PARIS — After the excitement of the Paris Olympics and a Mediterranean vacation, now French President Emmanuel Macron has to figure out how to make his country governable again.
Faced with a hung parliament, social tensions and ballooning debt, Macron kicked off talks Friday with key political players in a bid to choose a new prime minister who would form a government and end the deadlock created by snap legislative elections last month.
Members of the left-wing New Popular Front coalition that won the most seats pressured Macron for a quick decision. Their nominee for prime minister, little-known civil servant Lucie Castets, said after Friday's meetings in the Elysee Palace that she was ready to govern, and ready for compromise to get things done.
But the party only has about a third of the seats in the National Assembly, France's powerful lower house of parliament, and no party has a majority. Macron's centrist alliance came in second and the far-right National Rally came in third.

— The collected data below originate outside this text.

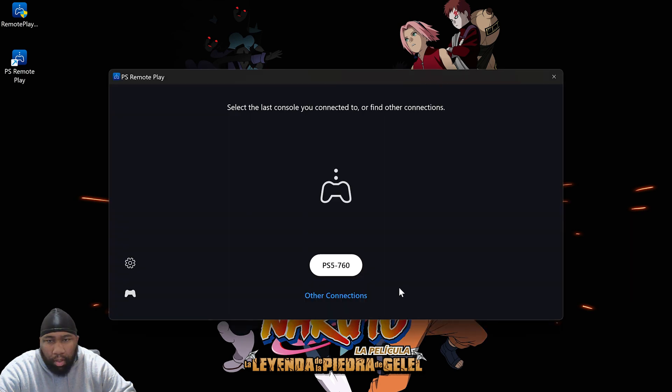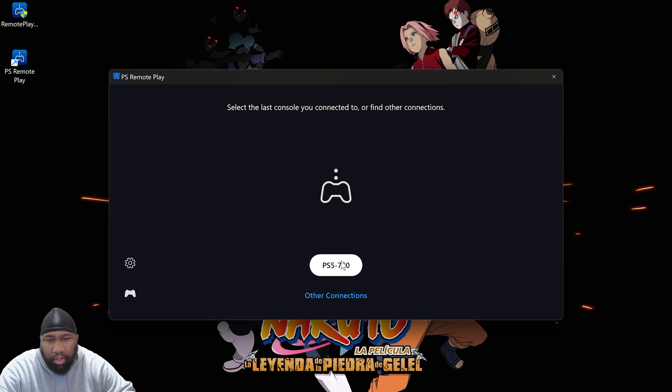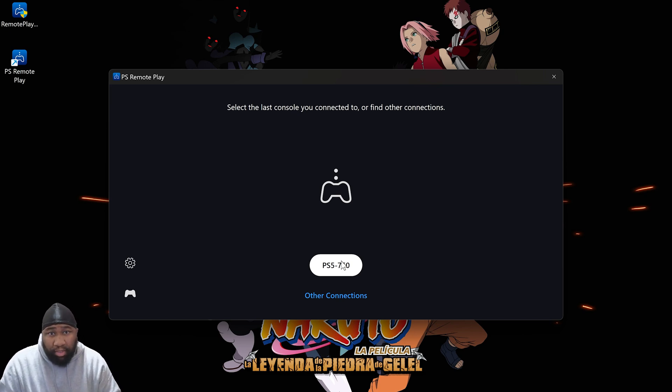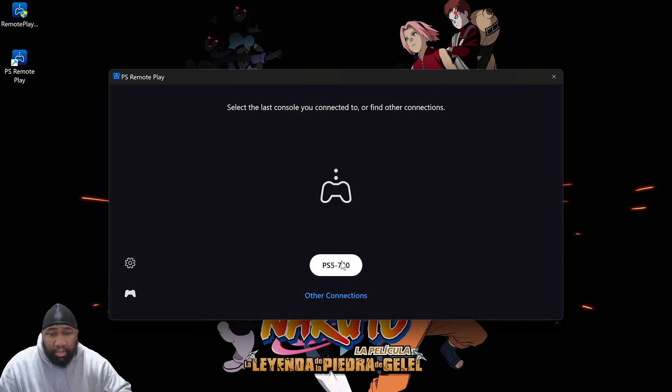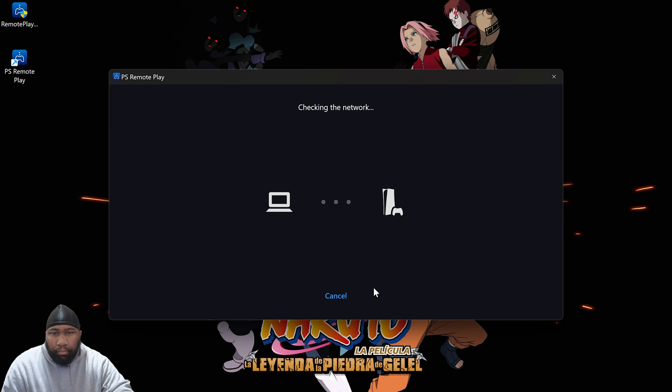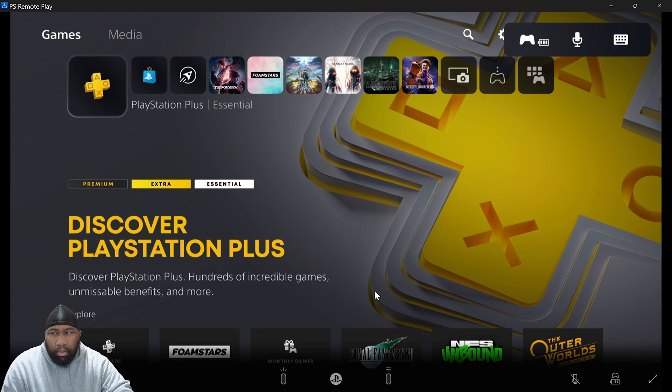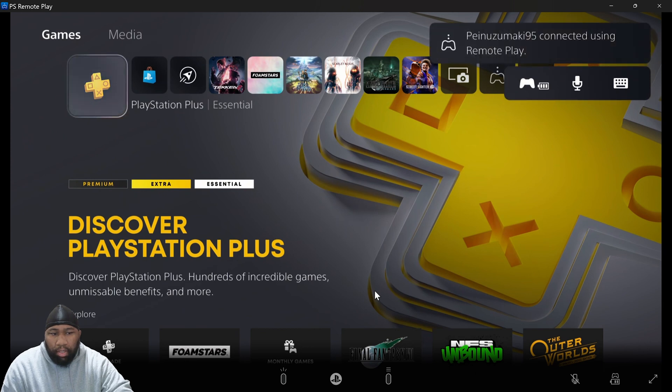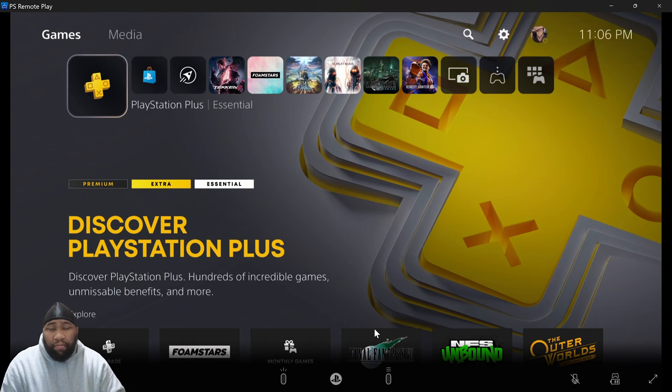Launch PlayStation Remote Play. It will say select the last console you connected to or find other connections. PS5-760 is my PlayStation 5, so that's what I'll select. It says checking the network and boom, there it is. Real fast and efficient.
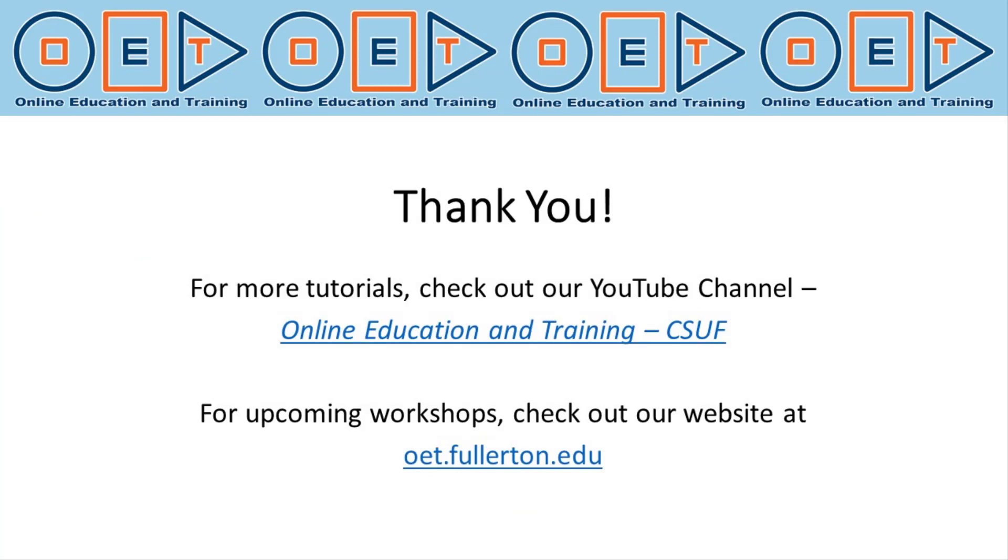Thank you. For more tutorials, check out our YouTube channel, Online Education and Training. For upcoming workshops, check out our website at oet.fullerton.edu.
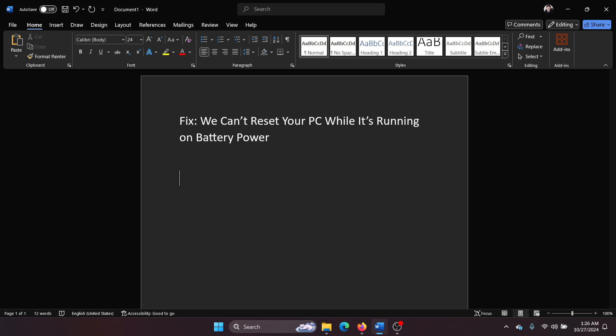While in 99.9% of cases merely connecting a power cord will fix the problem, if it doesn't, then here's the solution. Switch off your computer.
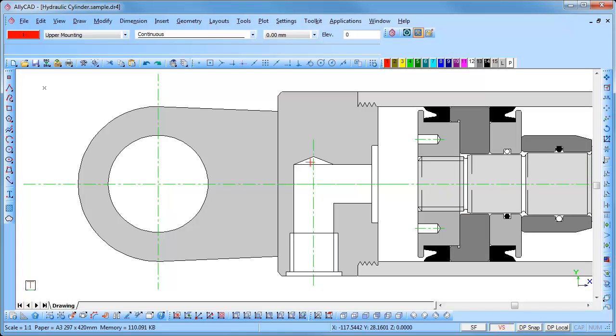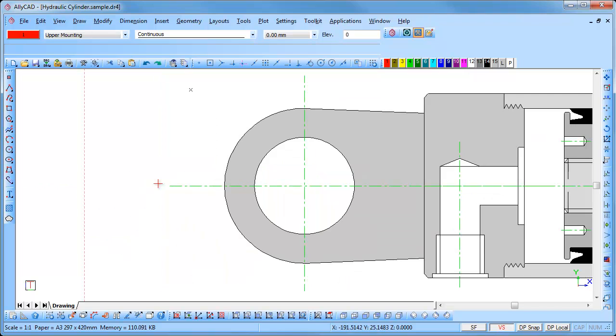To pan, move the cursor to the part of the drawing that you want in the center of the screen and press W. The part of the drawing where the cursor was positioned is moved to the center of the screen.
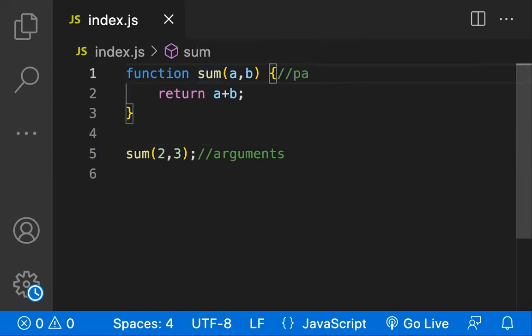So these are the parameters. Most developers confuse them and will call these the arguments and these the parameters. Now I think you got the clear understanding.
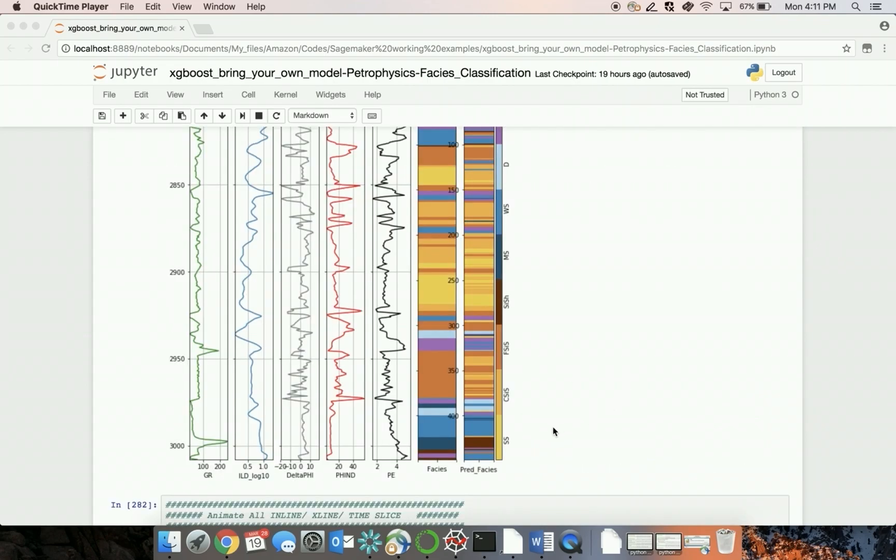As you can see, you can manually interpret rock formations from the wireline measurements collected during or after drilling. Here, we have manually determined rock formation based on wireline data and represented sandstone, shale, and dolomite in different colors. To do this manually for every well is a tedious, error-prone, and time-consuming task.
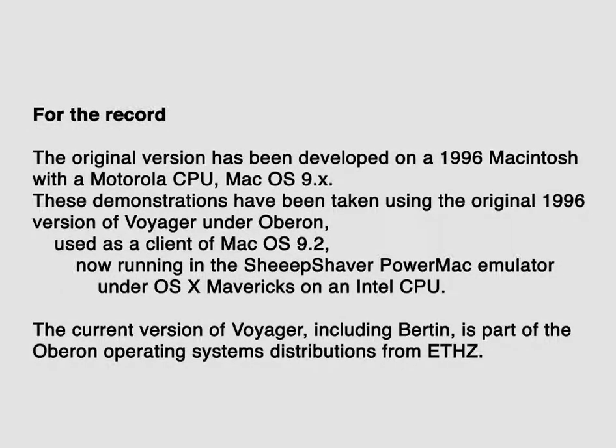In 1996 our preferred environment was Oberon, used as a client under macOS. Our system Voyager, including Bertin, is based on Oberon. Our 1996 version still works.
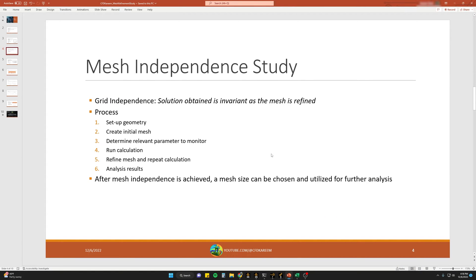So what is a mesh independent study? Grid independence — also called mesh independence or mesh refinement — means that our simulation solution is invariant as the mesh is refined. In simpler terms, the flow variables we're interested in stop changing after a certain point of refinement.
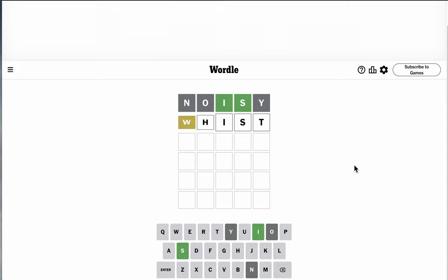Is WIST accepted as a word? Oh, W and H are in the word, huh?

There's no rulebook that requires Macron to name a candidate from the party that won the most seats, or lays out a timeline for a decision. The absence of any dominant political bloc is unprecedented in France's modern Republic.
Centrists and conservatives are also meeting with Macron on Friday, while National Rally leaders Marine Le Pen and Jordan Bardella are expected at the Elysee on Monday. Macron's office said he will name a prime minister based these consultations, which are aimed at ''moving towards the broadest and most stable majority possible.''
Castets said that in her meeting with Macron, he ''recognized that a message was sent by the French during the elections'' but seemed reluctant to allow an opposition party to form a government.
Left-wing leaders have decried Macron's decision to delay the prime minister nomination while he spent time at the Olympics and at the presidential holiday retreat in Bregancon on the French Riviera.